Gamer-Nostalgie: Wenn der alte Gameboy wieder auftaucht
Pliiing! Acht Bit, mehr braucht es nicht und schon sitze ich wieder in meinem rumpeligen Kinderzimmer. Ich habe meinen alten Gameboy Color wiedergefunden. Eigentlich hatte ich ihn schon fast vergessen, aber jetzt ist er mir wieder in die Hände gefallen: vergilbt, angestaubt – und einfach großartig!
Mein Gameboy teilt das Schicksal vieler Handhelds und Konsolen aus den 80ern und 90ern: Sie versauern jahrelang in Kisten und Kartons. Sie warten tapfer in den hintersten Ecken der Dachböden und Abstellkammern, während wir unsere Herzen an neue Playstations verschenken, uns 4K und Raytracing hingeben.

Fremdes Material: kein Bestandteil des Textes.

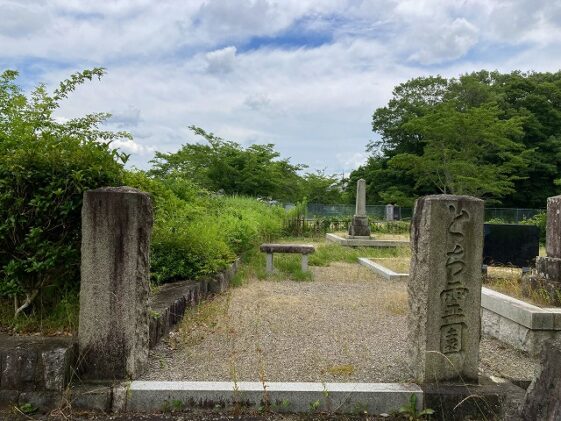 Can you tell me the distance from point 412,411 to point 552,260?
3.52m

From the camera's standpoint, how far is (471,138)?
28359mm

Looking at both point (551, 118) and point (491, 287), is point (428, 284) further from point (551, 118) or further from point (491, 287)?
point (551, 118)

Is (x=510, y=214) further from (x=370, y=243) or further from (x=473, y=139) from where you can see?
(x=370, y=243)

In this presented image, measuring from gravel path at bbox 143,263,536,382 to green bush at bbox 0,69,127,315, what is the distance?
1150 millimetres

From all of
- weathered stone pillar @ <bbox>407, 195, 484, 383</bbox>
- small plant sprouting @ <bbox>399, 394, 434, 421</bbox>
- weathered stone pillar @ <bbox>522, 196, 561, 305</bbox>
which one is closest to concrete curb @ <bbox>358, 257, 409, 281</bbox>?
weathered stone pillar @ <bbox>522, 196, 561, 305</bbox>

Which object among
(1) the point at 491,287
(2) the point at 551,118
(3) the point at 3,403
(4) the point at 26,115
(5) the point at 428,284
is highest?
(2) the point at 551,118

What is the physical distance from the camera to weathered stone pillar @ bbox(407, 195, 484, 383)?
3590 millimetres

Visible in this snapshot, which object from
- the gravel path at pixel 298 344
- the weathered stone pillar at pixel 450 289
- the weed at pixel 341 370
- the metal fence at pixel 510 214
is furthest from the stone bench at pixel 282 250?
the metal fence at pixel 510 214

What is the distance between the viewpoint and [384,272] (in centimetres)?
966

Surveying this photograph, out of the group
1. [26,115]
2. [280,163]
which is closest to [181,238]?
[26,115]

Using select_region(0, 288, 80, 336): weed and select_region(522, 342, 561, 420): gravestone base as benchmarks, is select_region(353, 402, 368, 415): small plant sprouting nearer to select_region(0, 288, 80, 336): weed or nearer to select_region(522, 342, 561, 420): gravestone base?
select_region(522, 342, 561, 420): gravestone base

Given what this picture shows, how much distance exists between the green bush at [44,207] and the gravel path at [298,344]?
115 cm

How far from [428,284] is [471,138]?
1070 inches

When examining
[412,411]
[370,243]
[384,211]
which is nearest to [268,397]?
[412,411] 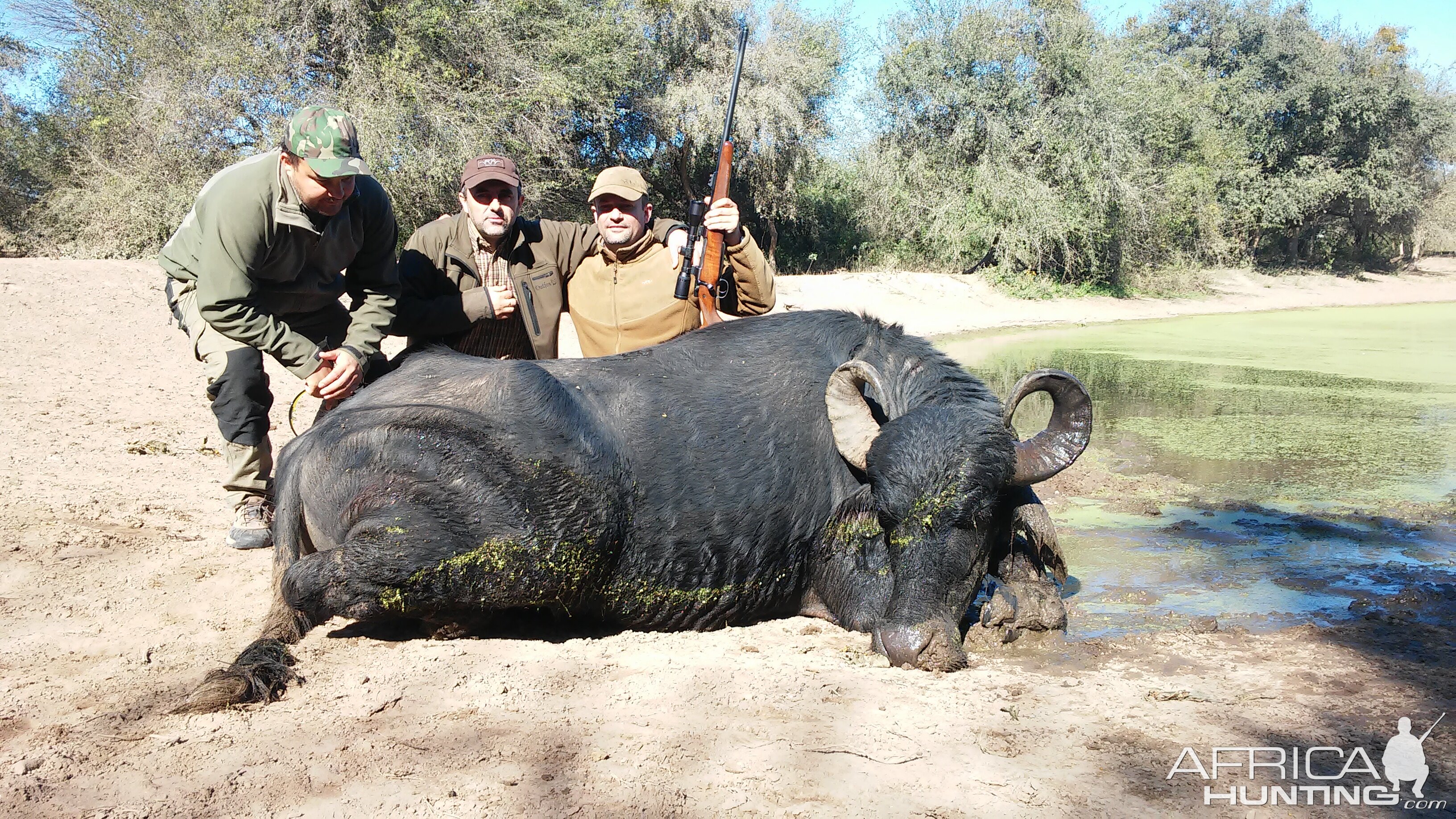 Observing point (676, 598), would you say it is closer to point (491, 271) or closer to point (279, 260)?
point (279, 260)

Und doch verschwinden Gameboy und Atari eben nie ganz, sondern kommen irgendwann zu uns zurück. Sie wirken aus der Zeit gefallen wie Faxgeräte oder Friedrich Merz. Nur, sie kommen uns nicht lächerlich vor, sondern wecken wohlig warme Sympathien.
In den späten 70ern strömten Gamer in die Arcade-Hallen, ein paar Jahre später klebten sie vor ihren Röhrenkisten. Mit meinem Gameboy war’s egal, wo ich spielte. „It’s portable, it’s in stereo and its Games are interchangable!“ Ich habe überall gezockt. Im Bett, auf dem Spielplatz, unter dem Schultisch, auf langen Autofahrten, auf dem Klo – überall.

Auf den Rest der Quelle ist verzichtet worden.